INTRODUCTION
Leishmaniasis is a spectrum of diseases caused by parasites from the genus Leishmania. It presents different clinical forms, depending on the species of the Leishmania involved and parasite and host factors.1 In the world, there are approximately 1.5 million of new cases of cutaneous leishmaniasis (CL) every year.2 In Brazil, there are close to 30,000 new cases reported annually, and the incidence is estimated at 14.7 cases per 100,000 people.3 The three main species that cause CL in Brazil are Leishmania (Viannia) braziliensis, Leishmania (Viannia) guyanensis, and Leishmania (Viannia) amazonensis, which are transmitted through sand flies of the Lutzomyia genus.4 Cutaneous leishmaniasis occurs predominantly in young male adults; however, because of changes in ecology and epidemiology, the disease has been more frequently observed in children and the elderly.5–7
The clinical presentation of CL is a well-limited ulcerated lesion with raised borders predominantly in the inferior limbs.8 However, the disease can present with ulcers in any area of the body and with multiple lesions.
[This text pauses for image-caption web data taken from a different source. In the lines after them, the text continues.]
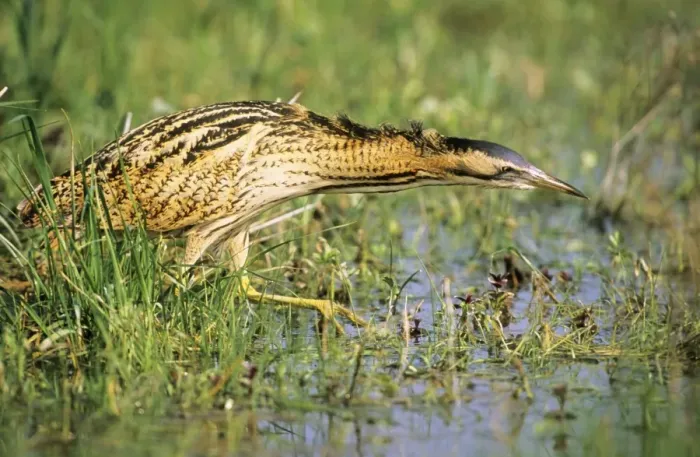 Framed Print : Bittern - outside reed beds searching for prey Framed Print : Bittern - outside reed beds searching for prey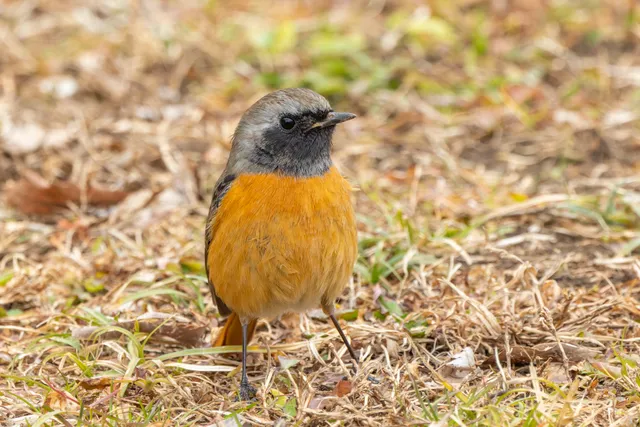 野鳥の写真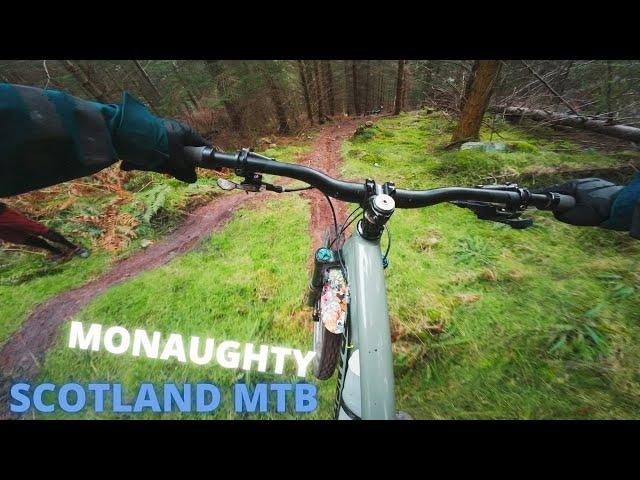 Monaughty / Pluscarden trails: Inbetweeners, Craigs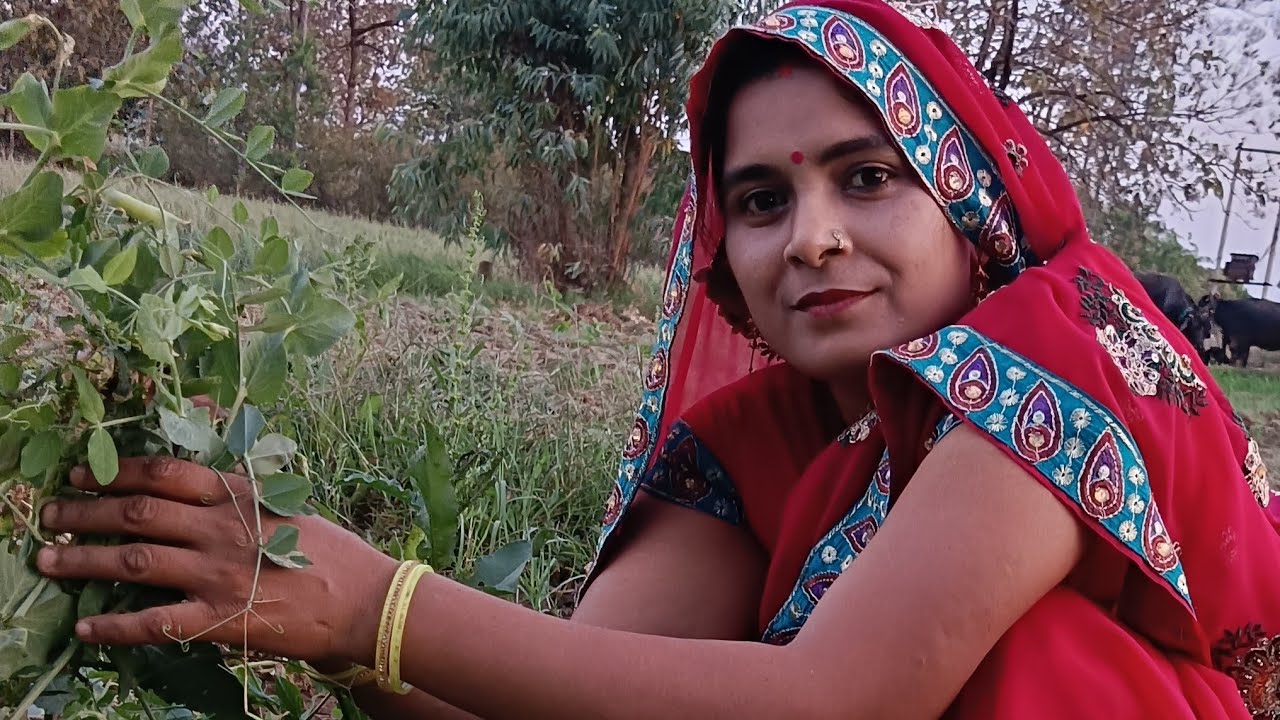 हमारे लाइव वीडियो में आप सभी का स्वागत है हर हर महादेव राधे राधे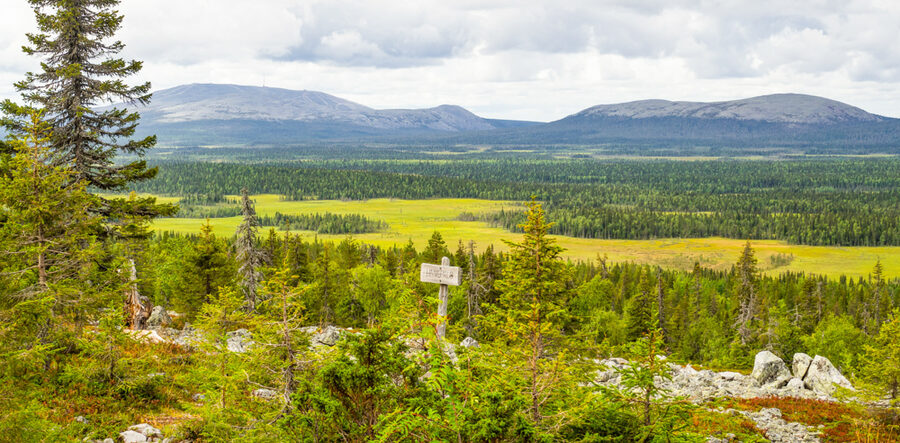 Yllästunturi and Kesänkitunturi fells from Pallas-Yllästunturi park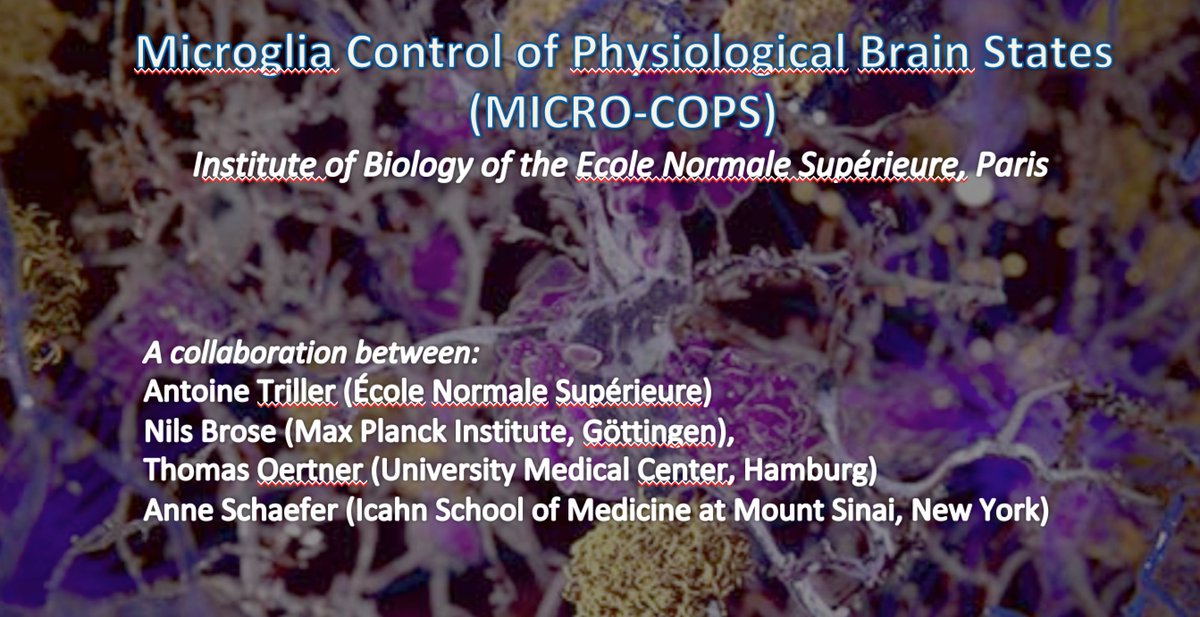 POST DOC POSITIONS. Please RE-TWEET.
In the frame of an ERC synergy grant, we are hiring talented postdocs to study bidirectional microglia-neuron interactions with focus on synapses.
Send motivation letter/3Refs + CV via email. triller@biologie.ens.fr
#ERCSyG @ERC_Research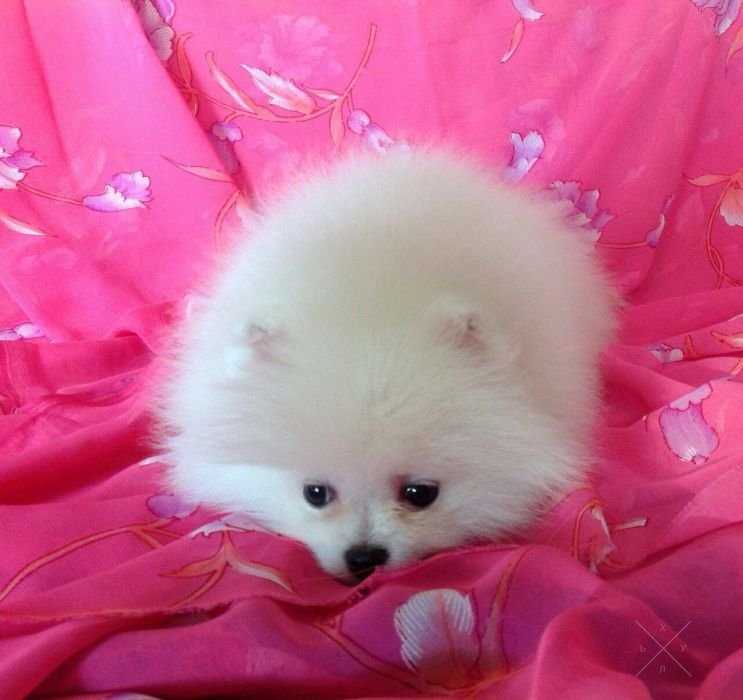 Шоу-класс мальчик КСУ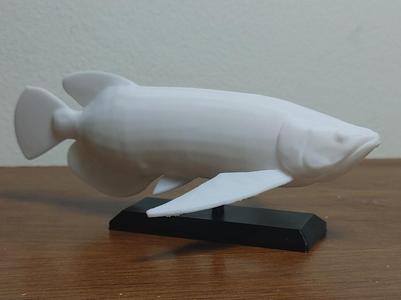 Arowana Fish Mount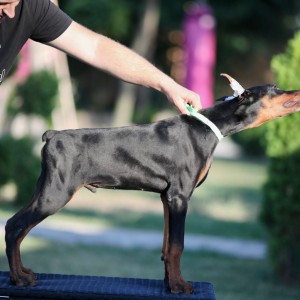Doberman stenci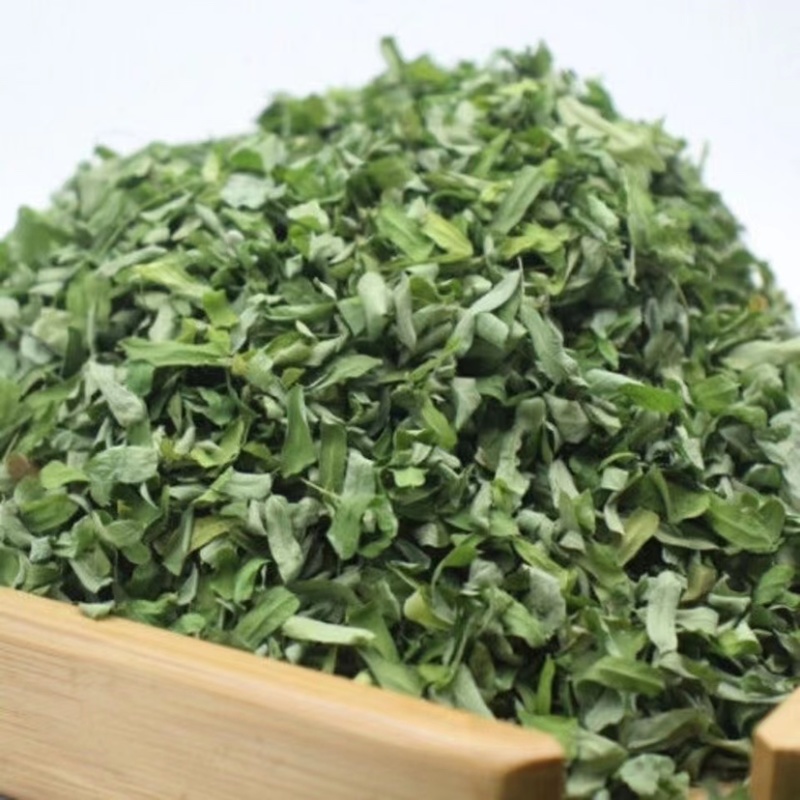 【好货】野生鸡骨草叶子大量有货欢迎咨询下单包邮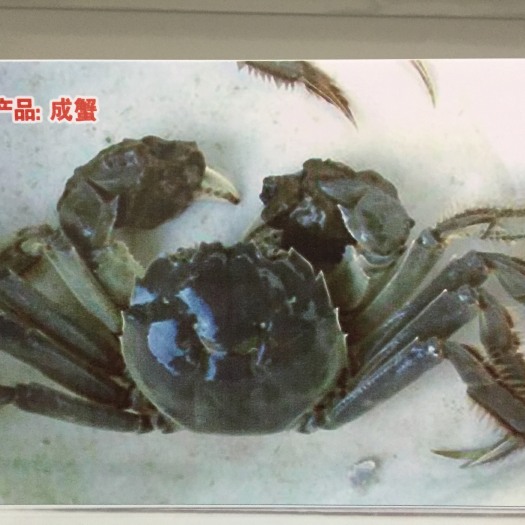 宣城生态大闸蟹 统货 3.0-3.5两 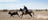 Rodeo at the Brunette Downs Races in Tennant Creek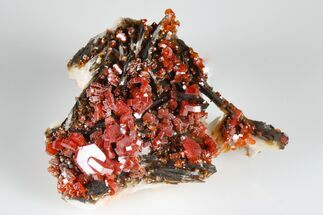 Ruby Red Vanadinite Crystals on Pink Barite - Midelt, Morocco #178097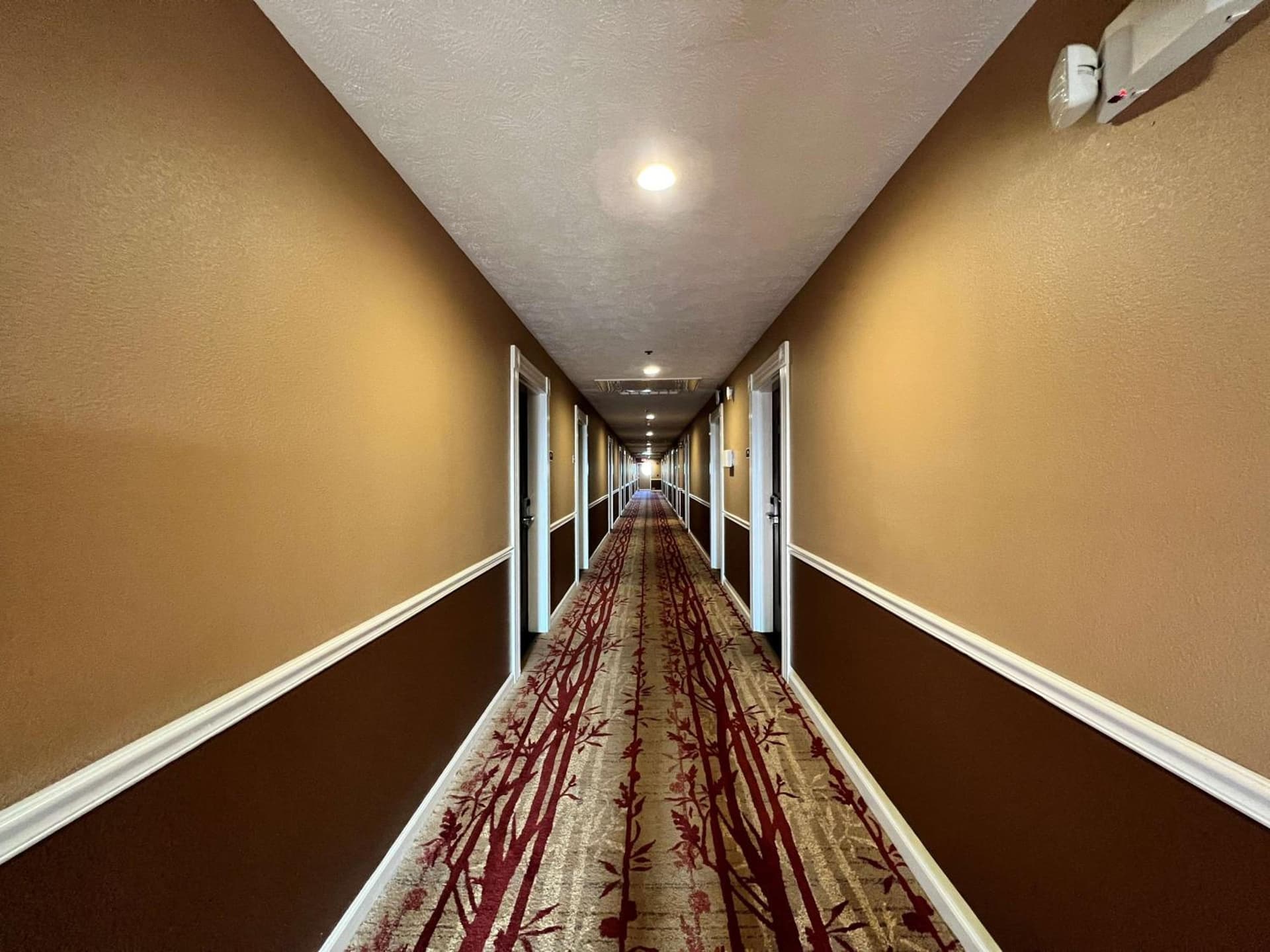 Best Western Americana gallery photo in Dinuba, CA — image 37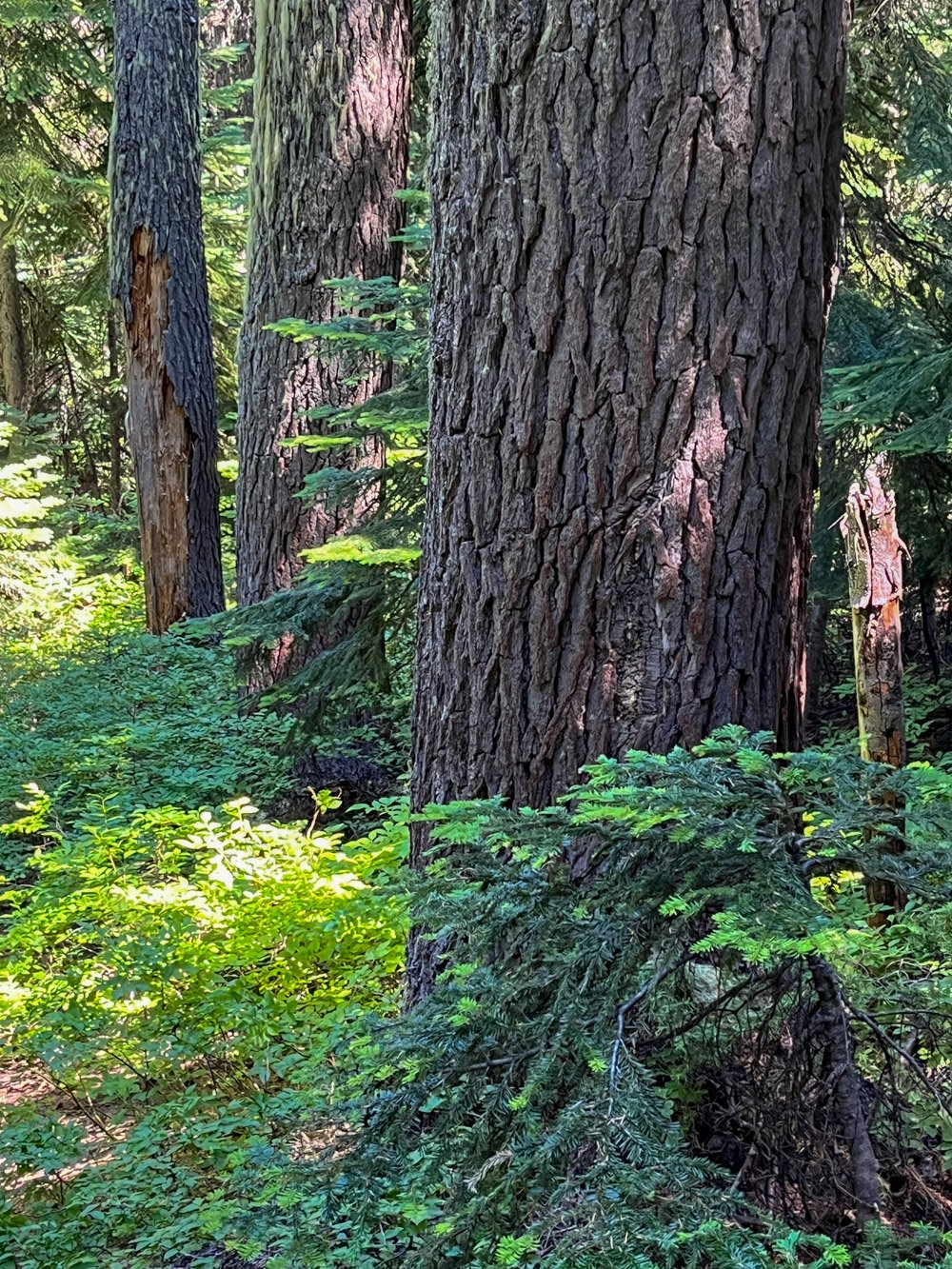 Mountain hemlock by the trail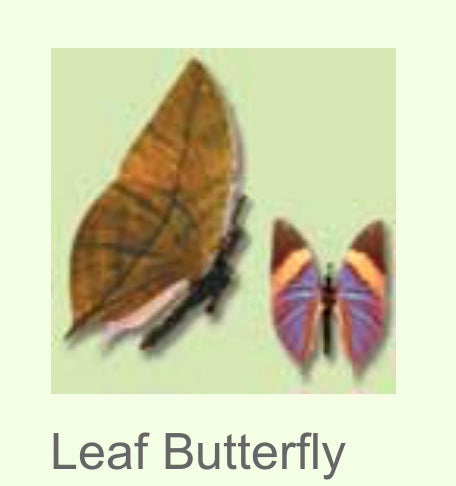 Moving Butterfly- Leaf Butterfly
Atypical presentation with verrucous, nodular, or large ulcerated lesions has been observed mainly in the adult population, in pregnant women and in patients coinfected with HIV.9–11 Moreover, there is an emergent form of L. braziliensis infection called disseminated leishmaniasis characterized by more than 10 and up to thousands of acneiform papular and ulcerated lesions in more than two parts of the body.7,12,13
The recommended therapy for CL in Brazil is meglumine antimoniate administered by intravenous or intramuscular route in the dose of 20 mg/kg/weight for 20 days with a maximum daily dose of 1, 200 mg.3,14 The cure rate varies according to species and geographic region.4,15,16 In the village of Corte de Pedra, one of the most important areas of L. braziliensis transmission in Latin American, while about 30 years ago, the cure rate of antimony for CL was 95%,17,18 and in the last 15 years, the cure rate ranged from 45% to 53%.16,19,20 Moreover, in Colombia, success with this drug can be as low as 25% in children younger than 5 years.21 There are only a few studies about CL in children; in one of them, the response to therapy was found to be worse in children than in adults, especially if children were 8 years old or younger.22 Furthermore, it was demonstrated that children have lower levels of meglumine antimoniate in comparison to adults, when the drug is administered at the same dosage per kilogram,23 as well as lower levels of miltefosine.22 The aim of the present study was to compare the clinical presentation and the response to treatment with meglumine antimoniate in children and adults with CL.
METHODS
Patients and study area.
In 2016, a total of 871 patients sought medical care at the Health Post of Corte de Pedra, a reference center for the diagnosis and therapy of tegumentary leishmaniasis. The sample selection is shown in Figure 1. After excluding patients because of other diagnosis rather than CL, lack of follow-up, treatment with other drugs, and incomplete data, 571 patients were considered eligible for the study.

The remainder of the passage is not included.